[Work request]
Once you find the line with "Ballet draagtas met" in the listing below, set down exactly every line from it through the line with "2018 FORD EDGE SEL VIN: 2FMPK4J95JBB49836", but no pictures.

=== Extracted data ===

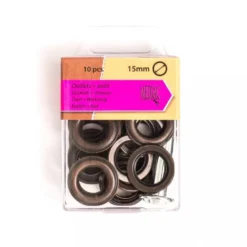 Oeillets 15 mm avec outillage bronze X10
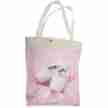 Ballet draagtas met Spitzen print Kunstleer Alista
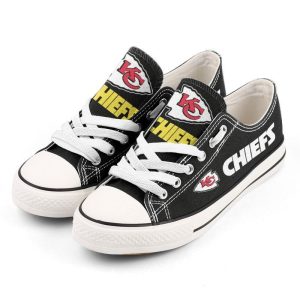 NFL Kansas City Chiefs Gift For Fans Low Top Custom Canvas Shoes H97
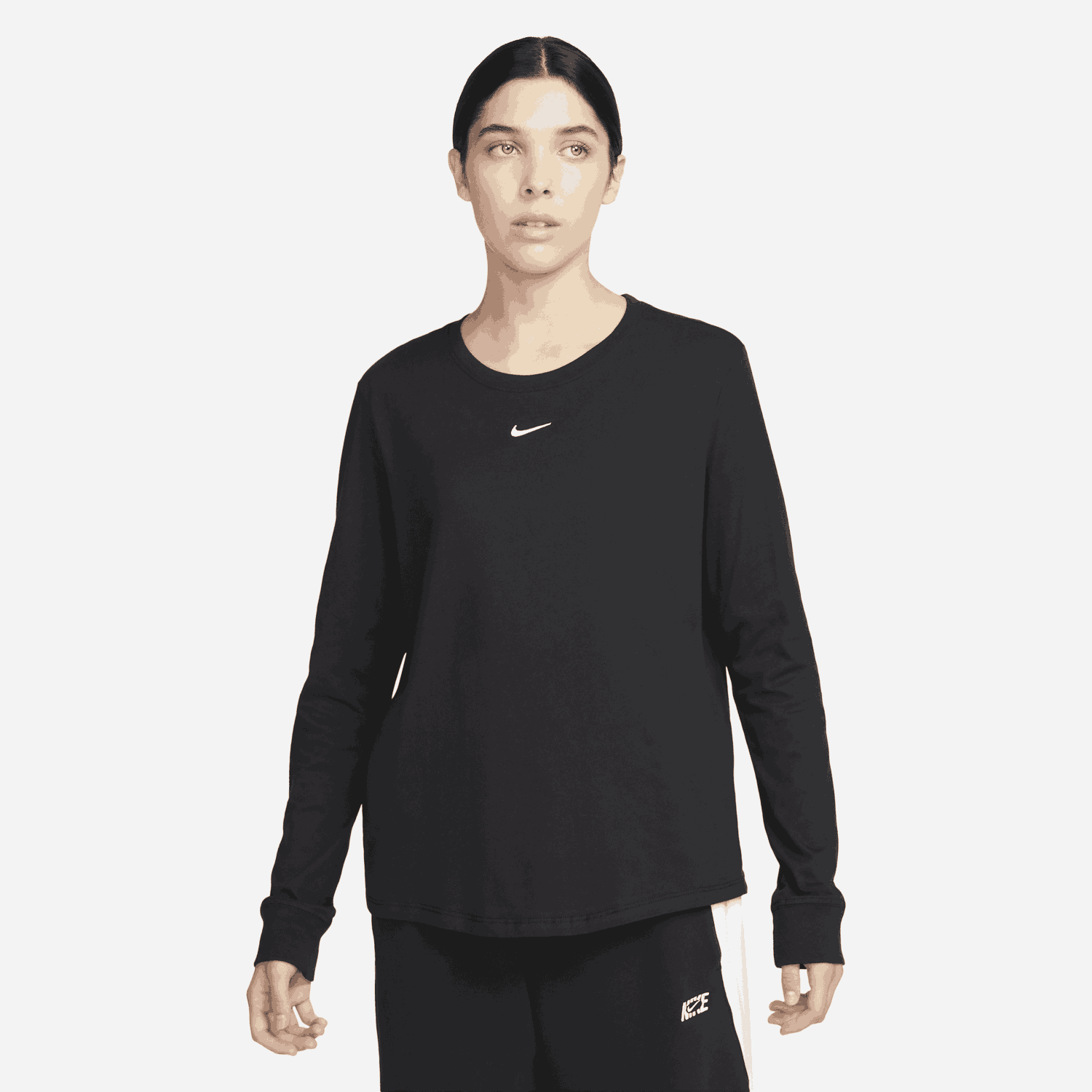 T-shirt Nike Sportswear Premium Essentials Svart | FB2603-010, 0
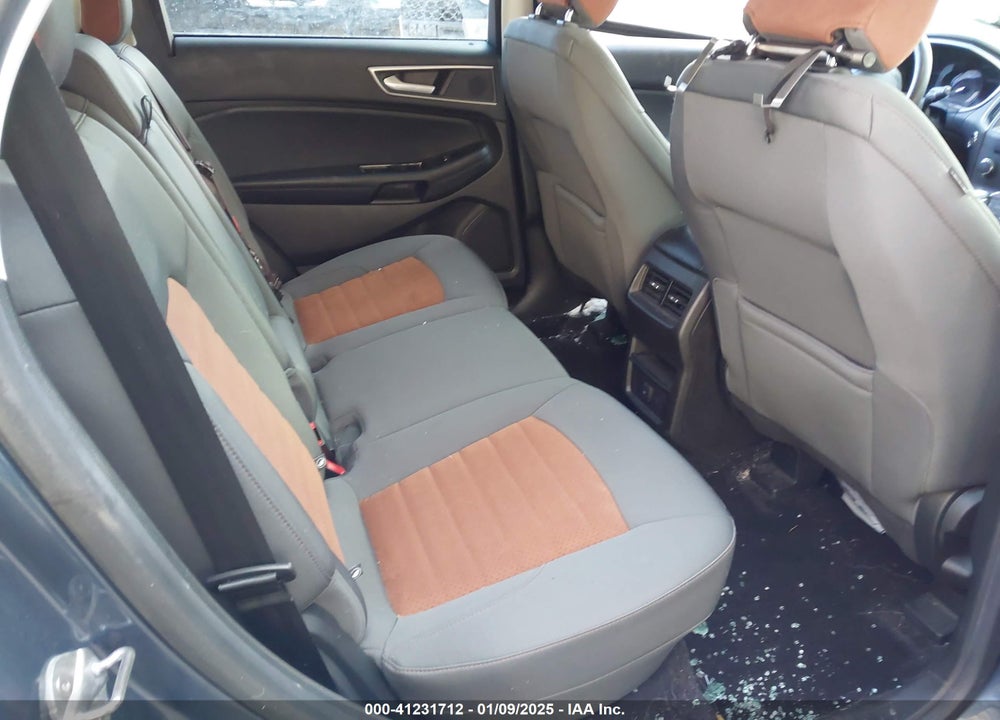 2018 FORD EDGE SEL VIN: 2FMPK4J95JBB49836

===
=== Extracted data ===

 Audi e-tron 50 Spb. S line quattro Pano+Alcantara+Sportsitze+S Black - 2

===

[Reply to the exercise]
 Ballet draagtas met Spitzen print Kunstleer Alista
 NFL Kansas City Chiefs Gift For Fans Low Top Custom Canvas Shoes H97
 T-shirt Nike Sportswear Premium Essentials Svart | FB2603-010, 0
 2018 FORD EDGE SEL VIN: 2FMPK4J95JBB49836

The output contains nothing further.